(Collected data entries)
══════════

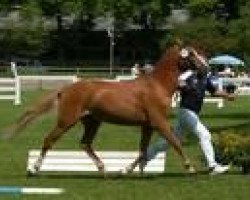 dressage horse Giglbergs Jaspis (German Riding Pony, 2004, from Giglberg Spotlight)
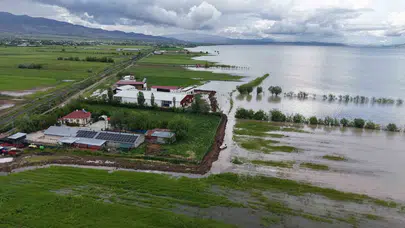 Elazığ’da baraj alarmı: Üreticiler hayvanlarını kurtarmak için geceyi ayakta geçiriyor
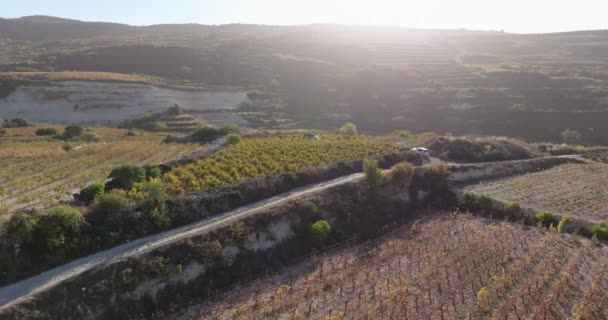 空中俯瞰高山上的农业葡萄园 风景秀丽的自然景观和种植葡萄的农田 高质量的4K镜头 — 图库视频影像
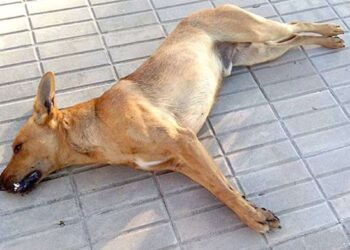 Comunitarios de Rancho Arriba denuncian envenenamiento de perros y gatos y exigen investigació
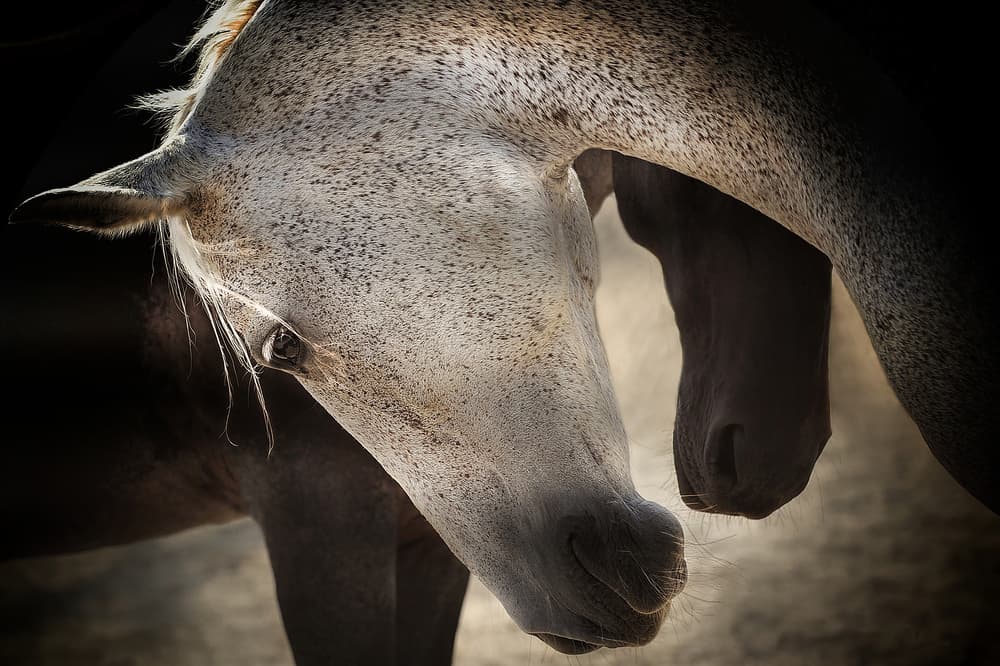 Dappled Horse Friendship by Adela  Lia Rusu — canvas wall art
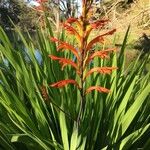 Chasmanthe floribunda Flower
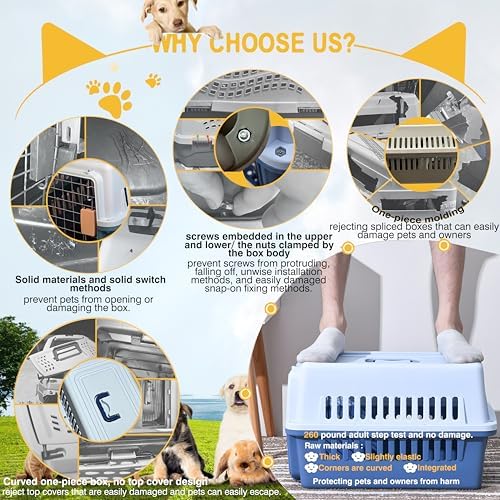 Open door view of LLGJ airline compliant pet carrier showing the spacious interior for cats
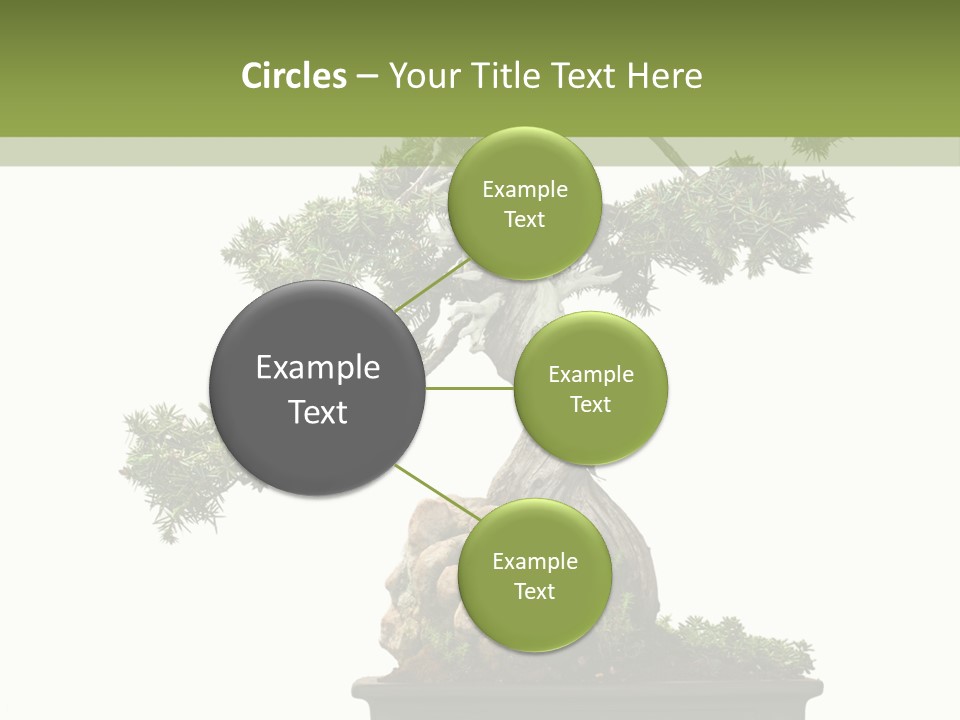 Bodhi Tree PowerPoint Template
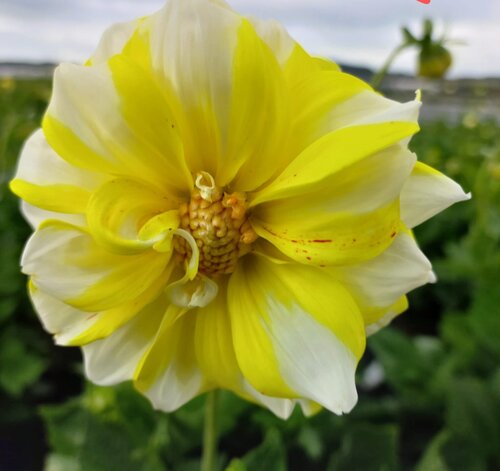 Dahlia Double Jill 3 Litre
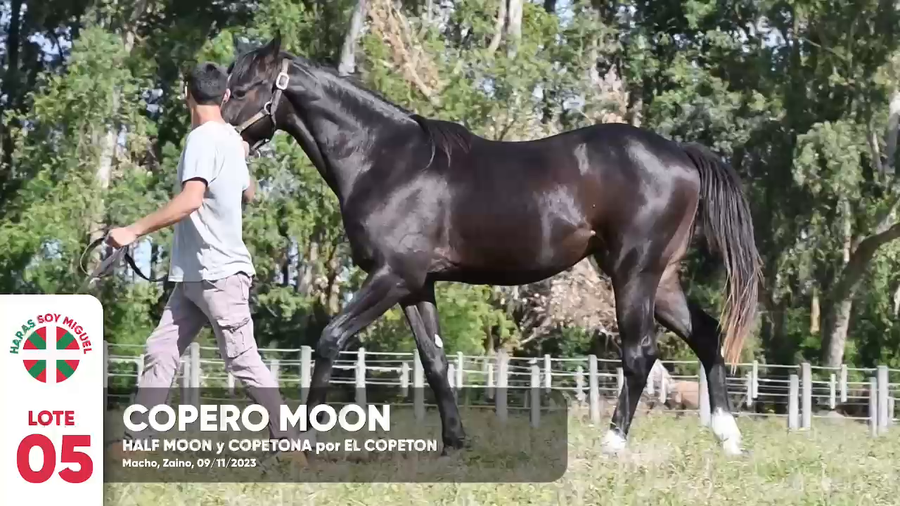 Lote COPERO MOON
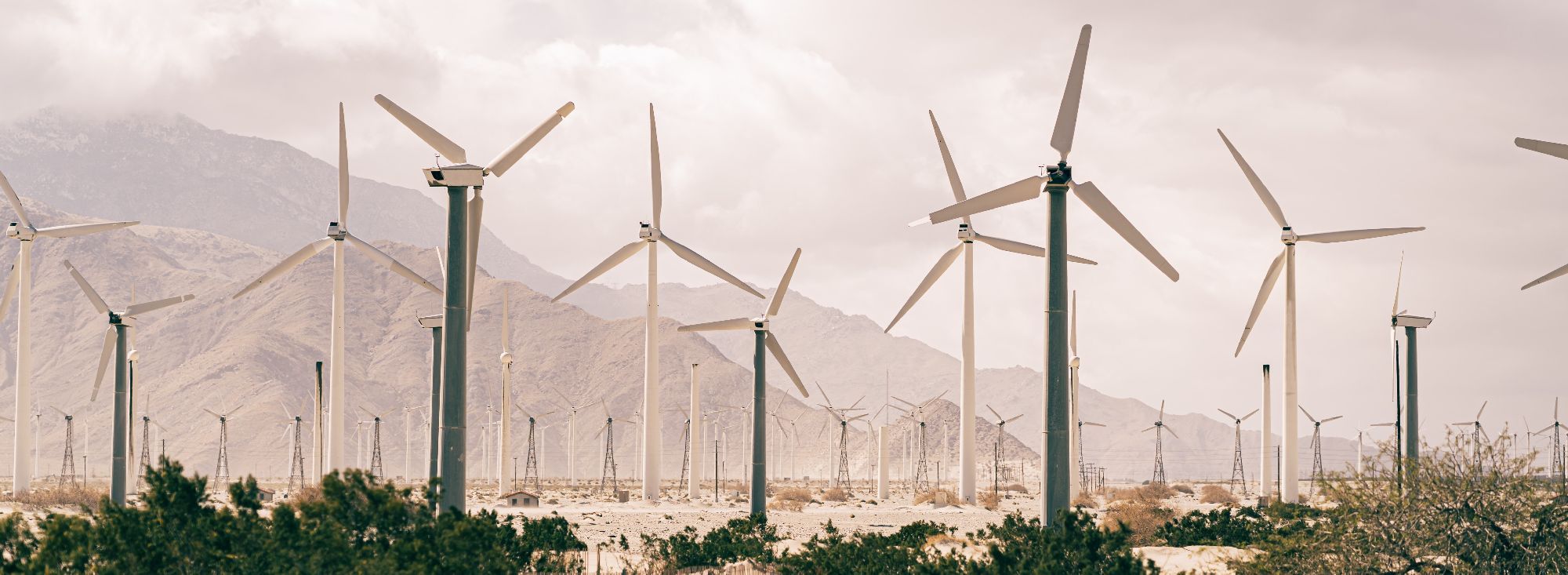 AleaSoft: La Ley de cambio Climático continúa sin reconocer el hidrógeno verde como combustible del futuro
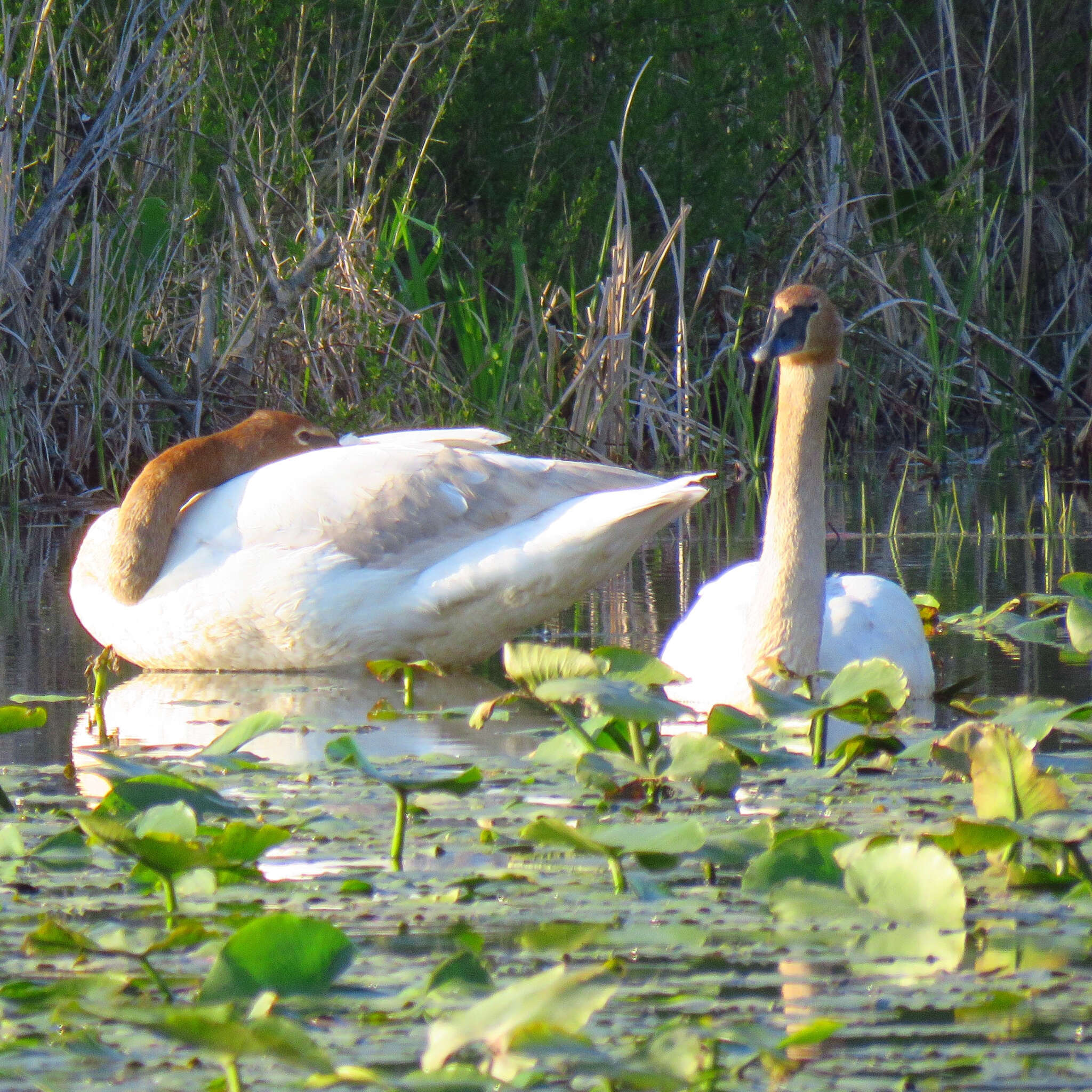 Image of Trumpeter Swan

══════════

▶ **DIRECTIONS**: Leave out every picture, and write out exactly the lines from the one with "Dahlia Double Jill 3 Litre" through the end of the records above, both ends included.

▶ **REPLY**:
 Dahlia Double Jill 3 Litre
 Lote COPERO MOON
 AleaSoft: La Ley de cambio Climático continúa sin reconocer el hidrógeno verde como combustible del futuro
 Image of Trumpeter Swan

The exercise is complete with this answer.